店の奥で、鶏肉を常温にどれくらい置いたら危ないのか、AIに聞いたことはないだろうか。食中毒を出したくない、それだけの用事だった。なのに返ってきたのは「その内容にはお答えできません」の一行。こちらは何も危ないことを聞いていない。それなのに、門前払いされた気分になる。この「真っ当な質問なのに断られる」は、体や健康、食べ物の話でよく起きる。
その断りすぎを、Anthropicが調整した。8月7日、同社は Claude の一種である Fable 5 で、生物学まわりの断りを約85%減らしたと発表した。ここでいう断りとは、AIが答えを避けて力の弱い別モデルへ話を回すこと(発表ではfallbackと呼ぶ)を指す。検査結果の読み方、症状の意味、学びなおしの生物。こうした真っ当な用事まで巻き込んで止めていた網を、細かく編み直したという。
で、うちの会社はどうすればいい。つくばには、飲食の人も、整体や薬局の人も、畑を持つ人もいる。体や食べ物に近い仕事ほど、AIに正当なことを聞いて断られる場面は多かった。
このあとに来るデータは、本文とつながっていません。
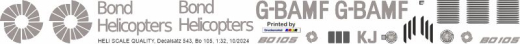 Bo 105 - Bond Helicopters - G-BAMF - Decal 543 - 1:24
今回の見直しで、これまで諦めていた質問が、もう一度通るようになると考えられる。大事なのは、断られたとき、あなたの聞き方が疑わしかったとは限らない、ということだ。機械が念のため広めに止めていて、その巻き添えになっただけのことも多い。網が細くなった今なら、同じ質問を出し直す価値はある。
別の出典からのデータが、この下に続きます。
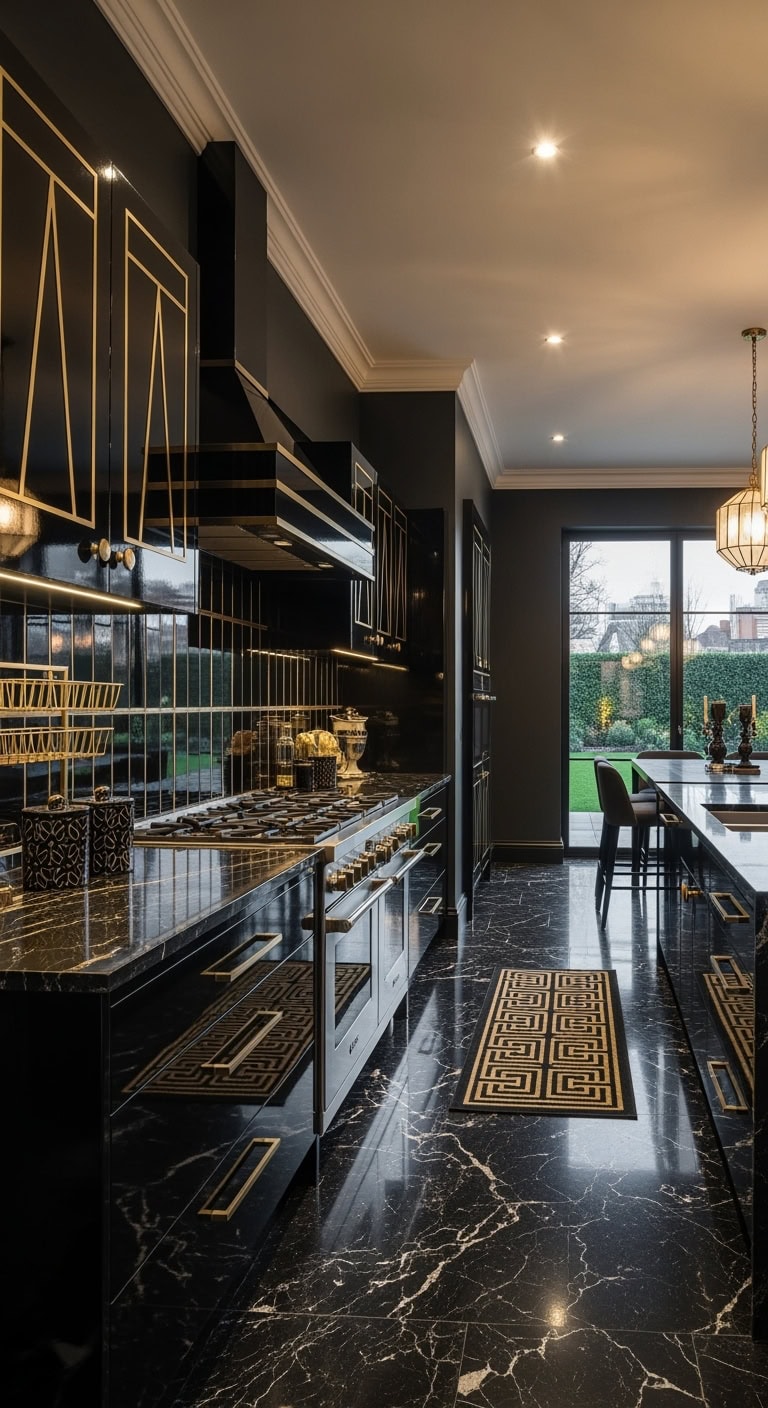 black lacquer with goldgeometry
具体で言えばこうだ。デイサービスの職員が、高齢者が夏に気をつける脱水の見分け方を下調べしたい。整体院で、腰の痛みがどこまで続いたら受診をすすめるか、その線引きを言葉にしたい。畑で、ある農薬をまいたあと収穫まで何日あければよいか、考え方を確かめたい。どれも後ろ暗いところのない、日々の仕事の用事だ。それでも、体や薬や生きものの言葉が並ぶだけで、これまでは網に引っかかりやすかった。今回、その引っかかりが減ると同社は言う。
もうひとつ、覚えておくと楽になることがある。AIが断るのは、あなたを罰したいからではない。危ないことに使われるのを避けたい、その一心で広めに網をかけていた結果だ。だから断られても落ち込む必要はない。仕組みの都合として受け止めて、聞き方を少し変えればいい。
試してみるなら
断られたくない質問ほど、目的と立場を先に置くと通りやすい。たとえば、こう入力してみてください。「私は小さな飲食店を営んでいます。食品衛生の観点から、鶏肉を常温で置いてよい時間の目安を、家庭や小規模店向けにやさしく教えてください」。仕事の理由と、危ないことには使わない立場が最初に伝わると、AIは身構えにくくなる。
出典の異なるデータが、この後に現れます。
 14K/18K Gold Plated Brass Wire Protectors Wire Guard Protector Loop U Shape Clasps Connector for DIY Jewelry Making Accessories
介護や整体の現場なら、こう頼むのもいい。「デイサービスで働いています。利用者への一般的な注意として、高齢者が夏に気をつける脱水の見分け方を、専門用語をかみくだいて教えてください」。誰のための、どんな場面の話かを最初に置くほど、AIは安心して答えに踏み込む。
それでも止まったら、「一般向けの安全な範囲で構いません」と一言足して出し直す。健康の相談なら、文の頭に「これは受診の代わりではなく、下調べです」と添えると話が進みやすい。聞きたいことは変えず、まわりに一行の事情を足す。これだけで通り方が変わる。
つまずきの先回り
- これは Claude の話。ChatGPT や Gemini は断る基準がそれぞれ別で、同じ質問でも反応が違う。ひとつで止まっても、別のAIなら通ることがある。逆もある。
- 危ない使い道に近い領域(ウイルスや毒物の設計など)は、今も止まる。そこは今回減らした対象の外だと同社も書いている。ふつうの商売の質問がここに当たることは、まずない。
- 効き方は使う場所で差がある。ふだんのブラウザのClaude(claude.ai)では断りが大きく減り、開発向けの画面では減り幅が小さいという。事務仕事で使うなら、恩恵は大きいほうだ。
- 断られても、あなたが悪いわけではない。まちがって止めること(過検知)は起きる。言い方を変えるか、日を置いてもう一度で足りることが多い。一度で諦めない。
明日、過去に一度断られて、そのまま諦めた真っ当な質問を、ひとつだけ思い出してほしい。頭に目的の一行を足して、もう一度だけ出してみる。今日はそれで十分だ。